* _INSTRUCTIONS TO FOLLOW_: Copy all the records exactly, but keep the pictures out of your version.

* _RECORDS_:
====================
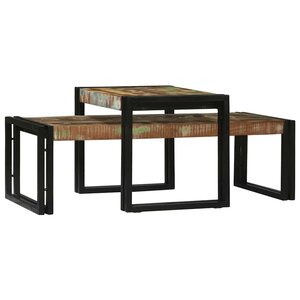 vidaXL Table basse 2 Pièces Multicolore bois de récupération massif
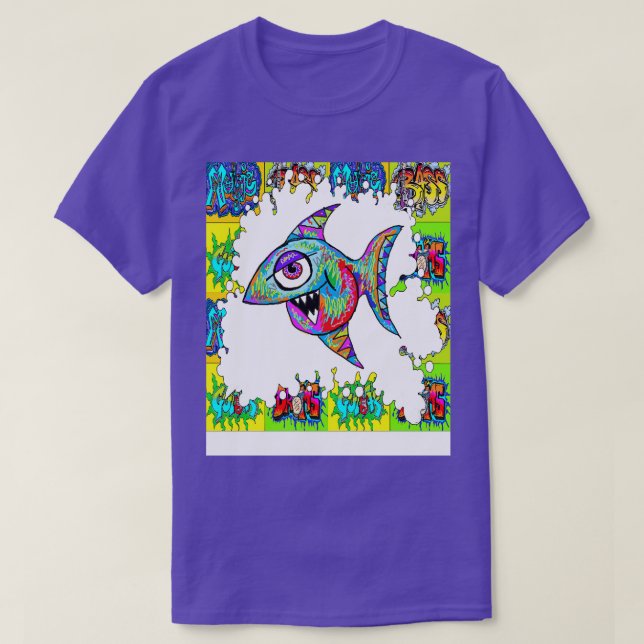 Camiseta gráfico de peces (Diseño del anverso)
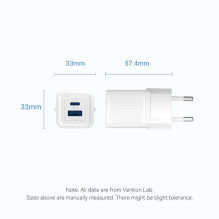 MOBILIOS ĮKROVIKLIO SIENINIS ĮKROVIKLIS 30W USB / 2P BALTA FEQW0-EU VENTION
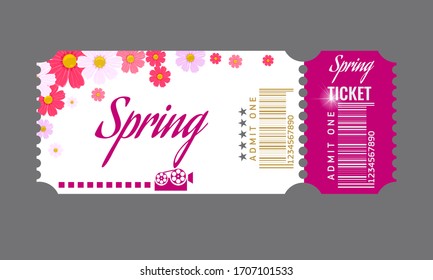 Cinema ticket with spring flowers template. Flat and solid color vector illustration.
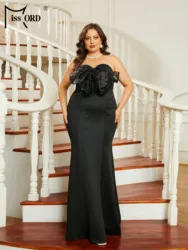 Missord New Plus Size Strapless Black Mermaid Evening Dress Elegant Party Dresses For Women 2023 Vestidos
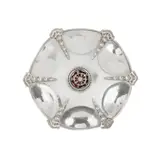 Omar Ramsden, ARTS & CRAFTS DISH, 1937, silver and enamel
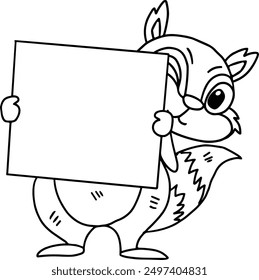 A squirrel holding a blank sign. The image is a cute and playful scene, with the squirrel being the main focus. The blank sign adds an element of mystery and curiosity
====================
* _WRITTEN SOLUTION_:
 vidaXL Table basse 2 Pièces Multicolore bois de récupération massif
 Camiseta gráfico de peces (Diseño del anverso)
 MOBILIOS ĮKROVIKLIO SIENINIS ĮKROVIKLIS 30W USB / 2P BALTA FEQW0-EU VENTION
 Cinema ticket with spring flowers template. Flat and solid color vector illustration.
 Missord New Plus Size Strapless Black Mermaid Evening Dress Elegant Party Dresses For Women 2023 Vestidos
 Omar Ramsden, ARTS & CRAFTS DISH, 1937, silver and enamel
 A squirrel holding a blank sign. The image is a cute and playful scene, with the squirrel being the main focus. The blank sign adds an element of mystery and curiosity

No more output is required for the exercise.